*Task statement:* Only one stretch of the listing below is wanted: every line from the first to the line containing "Command History", set down exactly.

══ Material for this task

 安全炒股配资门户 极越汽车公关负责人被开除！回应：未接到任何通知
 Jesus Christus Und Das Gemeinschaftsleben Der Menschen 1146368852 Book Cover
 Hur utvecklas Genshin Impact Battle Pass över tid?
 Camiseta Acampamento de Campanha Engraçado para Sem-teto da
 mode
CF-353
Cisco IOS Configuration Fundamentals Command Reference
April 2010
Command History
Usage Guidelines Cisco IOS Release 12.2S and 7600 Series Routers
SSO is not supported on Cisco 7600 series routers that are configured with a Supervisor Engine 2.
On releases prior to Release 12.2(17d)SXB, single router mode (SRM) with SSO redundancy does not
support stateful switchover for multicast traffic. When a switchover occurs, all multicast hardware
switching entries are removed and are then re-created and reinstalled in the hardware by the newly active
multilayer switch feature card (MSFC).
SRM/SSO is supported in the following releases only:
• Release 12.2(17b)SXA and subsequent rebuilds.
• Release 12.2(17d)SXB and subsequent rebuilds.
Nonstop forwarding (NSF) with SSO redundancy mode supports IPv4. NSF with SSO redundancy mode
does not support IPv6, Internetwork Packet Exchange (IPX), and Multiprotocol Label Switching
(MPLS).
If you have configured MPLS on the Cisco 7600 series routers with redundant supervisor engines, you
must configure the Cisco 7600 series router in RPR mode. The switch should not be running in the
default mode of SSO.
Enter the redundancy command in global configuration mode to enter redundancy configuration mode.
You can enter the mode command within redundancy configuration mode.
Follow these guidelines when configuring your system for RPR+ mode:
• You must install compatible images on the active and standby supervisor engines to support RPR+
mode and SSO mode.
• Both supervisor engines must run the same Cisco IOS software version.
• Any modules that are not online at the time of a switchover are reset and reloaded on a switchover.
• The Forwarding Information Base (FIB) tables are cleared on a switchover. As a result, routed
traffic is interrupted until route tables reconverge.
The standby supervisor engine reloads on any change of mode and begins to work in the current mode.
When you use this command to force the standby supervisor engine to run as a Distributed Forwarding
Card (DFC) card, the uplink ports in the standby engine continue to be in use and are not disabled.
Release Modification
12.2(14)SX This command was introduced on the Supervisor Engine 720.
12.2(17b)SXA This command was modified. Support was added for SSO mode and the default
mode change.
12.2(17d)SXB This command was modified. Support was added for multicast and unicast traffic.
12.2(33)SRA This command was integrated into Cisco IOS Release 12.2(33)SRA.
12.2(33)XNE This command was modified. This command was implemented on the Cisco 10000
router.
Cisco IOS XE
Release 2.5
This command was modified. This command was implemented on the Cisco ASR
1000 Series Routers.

════

*Task solution:*
 安全炒股配资门户 极越汽车公关负责人被开除！回应：未接到任何通知
 Jesus Christus Und Das Gemeinschaftsleben Der Menschen 1146368852 Book Cover
 Hur utvecklas Genshin Impact Battle Pass över tid?
 Camiseta Acampamento de Campanha Engraçado para Sem-teto da
 mode
CF-353
Cisco IOS Configuration Fundamentals Command Reference
April 2010
Command History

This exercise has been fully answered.